“Oh, dear God.”
“—four people walked back out. Does this make any sense to you?”
“What? No. It’s gibberish.” He came off the couch, one hand jiggling the keys in his pocket as he rocked back and forth against his heels. “Is my daughter dead?”
I held his desperate gaze for a moment.
“I have no idea.”
He looked away and then back again. “Well, that’s the problem when it comes to kids, isn’t it? We have no idea. Not one of us.”
While she’d been smoking her cigarette, Angie had called 411 for the phone number of Elaine Murrow of Exeter, New Hampshire. She’d then called Elaine, who agreed to see us.
We spent the early portion of our thirty-minute drive to the Granite State in silence. Angie looked out the window at the bare brown trees along the highway, the cake frosting of last night’s snow hugging the ground in quickly balding patches.
“I just wanted to go over that coffee table,” she said eventually, “and gouge his fucking eyes out of his head.”
“Amazing you never got invited to the debutantes ball,” I said.

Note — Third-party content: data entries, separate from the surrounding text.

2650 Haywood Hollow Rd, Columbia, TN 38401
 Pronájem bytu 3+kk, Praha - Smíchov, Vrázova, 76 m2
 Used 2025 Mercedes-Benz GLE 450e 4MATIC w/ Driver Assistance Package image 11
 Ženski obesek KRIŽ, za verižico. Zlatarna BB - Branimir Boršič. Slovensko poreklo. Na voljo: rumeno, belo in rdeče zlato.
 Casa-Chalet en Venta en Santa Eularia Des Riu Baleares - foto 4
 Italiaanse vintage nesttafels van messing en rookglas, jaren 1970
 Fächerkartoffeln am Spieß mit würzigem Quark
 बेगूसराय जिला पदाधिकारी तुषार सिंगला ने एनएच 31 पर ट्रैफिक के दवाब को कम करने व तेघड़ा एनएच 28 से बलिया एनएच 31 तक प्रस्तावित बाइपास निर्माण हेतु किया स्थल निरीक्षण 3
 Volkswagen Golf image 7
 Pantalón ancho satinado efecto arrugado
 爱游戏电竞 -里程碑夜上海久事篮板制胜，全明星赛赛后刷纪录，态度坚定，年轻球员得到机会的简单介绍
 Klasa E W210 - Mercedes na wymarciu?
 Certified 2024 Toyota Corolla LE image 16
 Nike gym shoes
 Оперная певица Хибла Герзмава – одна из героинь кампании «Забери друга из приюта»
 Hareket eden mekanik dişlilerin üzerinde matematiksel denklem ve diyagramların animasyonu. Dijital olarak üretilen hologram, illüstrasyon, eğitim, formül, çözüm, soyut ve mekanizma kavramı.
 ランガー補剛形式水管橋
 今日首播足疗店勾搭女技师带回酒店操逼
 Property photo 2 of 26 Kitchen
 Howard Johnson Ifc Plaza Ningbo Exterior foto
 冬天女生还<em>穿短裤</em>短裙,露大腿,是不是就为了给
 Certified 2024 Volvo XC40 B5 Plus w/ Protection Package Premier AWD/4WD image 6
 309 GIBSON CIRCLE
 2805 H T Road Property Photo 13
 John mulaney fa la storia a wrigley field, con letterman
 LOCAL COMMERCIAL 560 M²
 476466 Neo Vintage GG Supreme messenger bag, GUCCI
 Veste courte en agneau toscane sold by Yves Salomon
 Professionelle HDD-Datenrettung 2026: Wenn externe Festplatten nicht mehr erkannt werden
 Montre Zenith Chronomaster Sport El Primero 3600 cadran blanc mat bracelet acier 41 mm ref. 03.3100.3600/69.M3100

“Seriously.” She turned from the window. “He’s sitting there talking about ‘values’ as he sends his daughter to sleep on some bench in some bus station. And calling me ‘Angela’ like he fucking knows me. I hate, hate, fucking hate when people do that. And, Jesus, did you hear him ranting on about the dead mother’s ‘wholly unfit environment’? Because, what, she liked granola and watching The L Word?”
“Am I what?” she said.
“Done,” I said. “Because I was there to get information on a missing girl who can lead me to another missing girl. I was doing, ya know, my job.”
“Oh, I thought you were shining his shoes with your tongue.”
“My other option was what? To get all self-righteous and blow up at him?”
“I didn’t blow up at him.”
“You were unprofessional. He could feel you judging him.”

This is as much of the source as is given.